> [WORK INSTRUCTION]:
In the listing below, the answer starts at the line that has "タント スローパーX SAII" and stops after the line that has "Waqas Shah |"; please repeat that part exactly and nothing more.

> [DATA TO PROCESS]:

━━━━━━

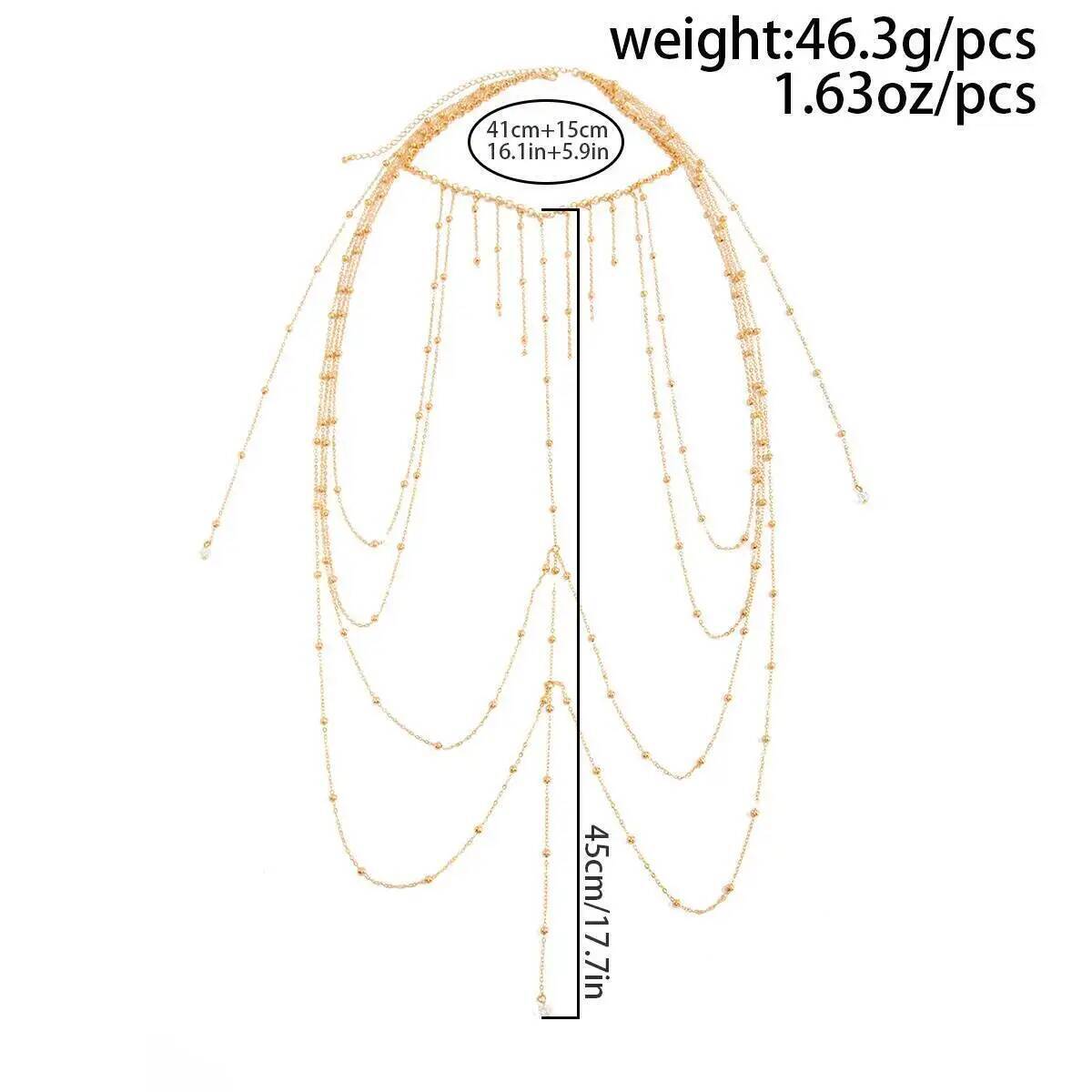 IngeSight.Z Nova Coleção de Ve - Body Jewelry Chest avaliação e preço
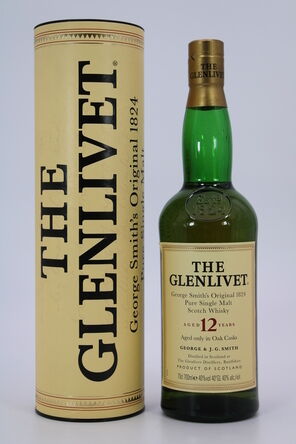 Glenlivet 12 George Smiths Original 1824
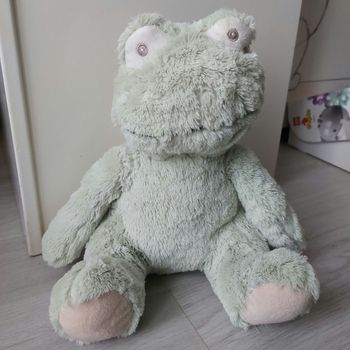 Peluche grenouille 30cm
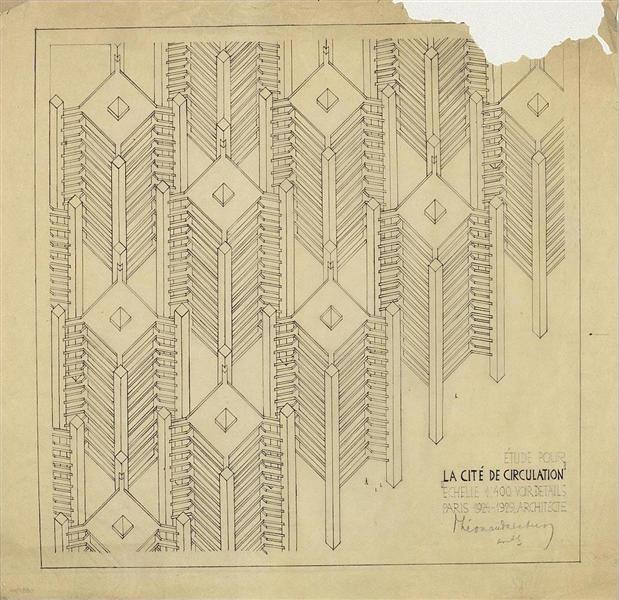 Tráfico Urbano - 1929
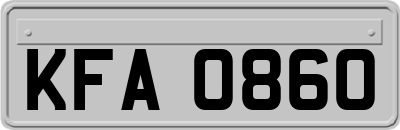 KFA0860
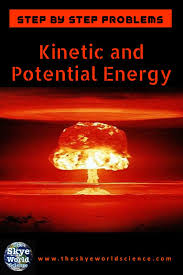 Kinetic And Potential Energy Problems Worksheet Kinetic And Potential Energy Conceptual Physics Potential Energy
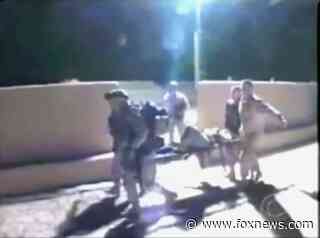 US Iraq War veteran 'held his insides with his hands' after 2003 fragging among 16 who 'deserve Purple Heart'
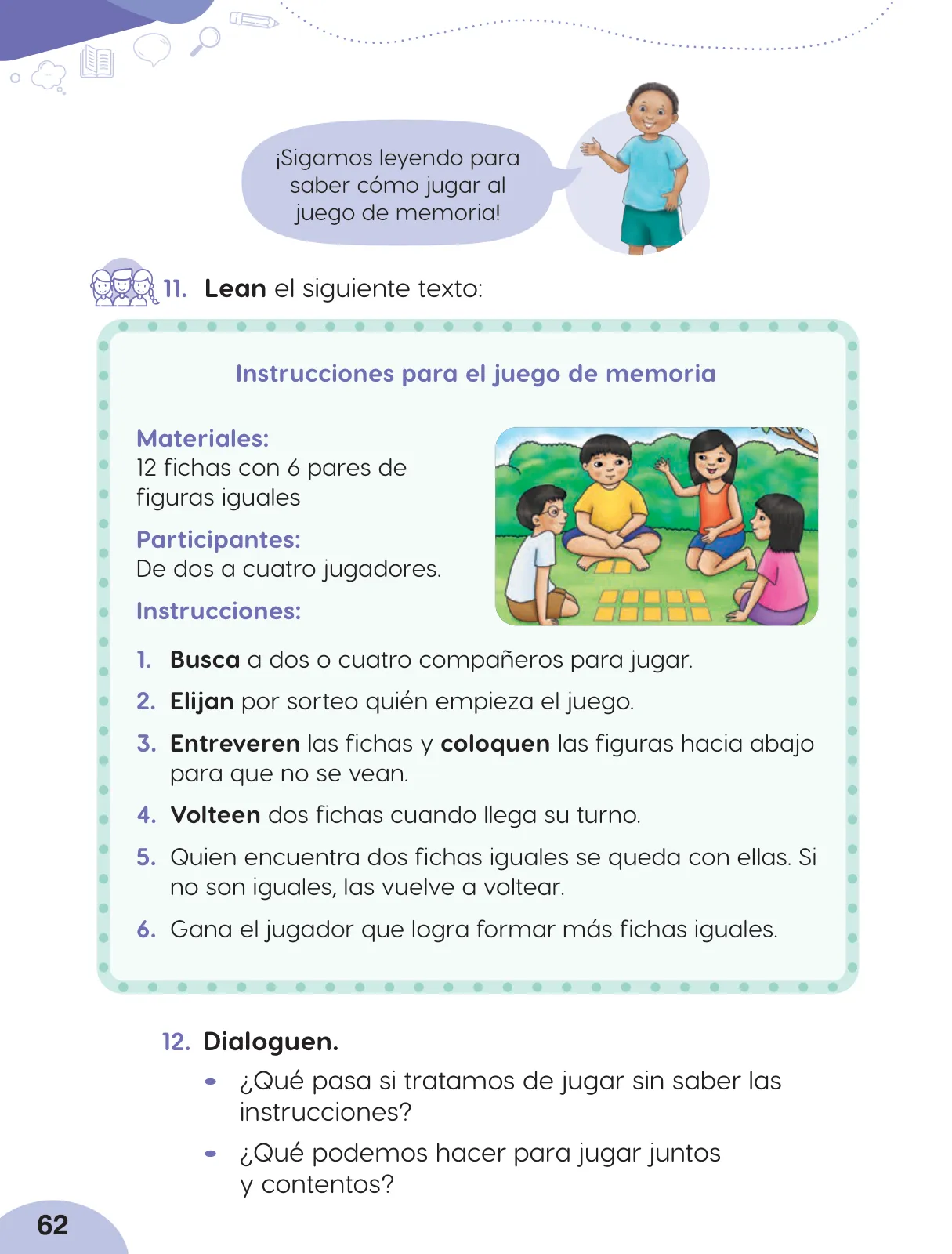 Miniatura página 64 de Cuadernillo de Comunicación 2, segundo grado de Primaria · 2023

━━━━━━

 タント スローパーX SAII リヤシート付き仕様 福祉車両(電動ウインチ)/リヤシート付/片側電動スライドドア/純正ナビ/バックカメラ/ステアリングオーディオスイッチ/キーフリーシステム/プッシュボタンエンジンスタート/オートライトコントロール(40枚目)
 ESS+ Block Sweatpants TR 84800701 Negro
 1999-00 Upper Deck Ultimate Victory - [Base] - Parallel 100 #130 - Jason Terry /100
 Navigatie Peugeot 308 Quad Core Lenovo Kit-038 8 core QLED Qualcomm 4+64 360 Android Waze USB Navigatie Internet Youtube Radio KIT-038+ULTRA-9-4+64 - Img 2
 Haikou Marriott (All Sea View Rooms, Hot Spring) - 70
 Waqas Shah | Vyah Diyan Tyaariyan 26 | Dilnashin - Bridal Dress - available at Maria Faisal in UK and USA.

━━━━━━

> [WRITTEN SOLUTION]:
 タント スローパーX SAII リヤシート付き仕様 福祉車両(電動ウインチ)/リヤシート付/片側電動スライドドア/純正ナビ/バックカメラ/ステアリングオーディオスイッチ/キーフリーシステム/プッシュボタンエンジンスタート/オートライトコントロール(40枚目)
 ESS+ Block Sweatpants TR 84800701 Negro
 1999-00 Upper Deck Ultimate Victory - [Base] - Parallel 100 #130 - Jason Terry /100
 Navigatie Peugeot 308 Quad Core Lenovo Kit-038 8 core QLED Qualcomm 4+64 360 Android Waze USB Navigatie Internet Youtube Radio KIT-038+ULTRA-9-4+64 - Img 2
 Haikou Marriott (All Sea View Rooms, Hot Spring) - 70
 Waqas Shah | Vyah Diyan Tyaariyan 26 | Dilnashin - Bridal Dress - available at Maria Faisal in UK and USA.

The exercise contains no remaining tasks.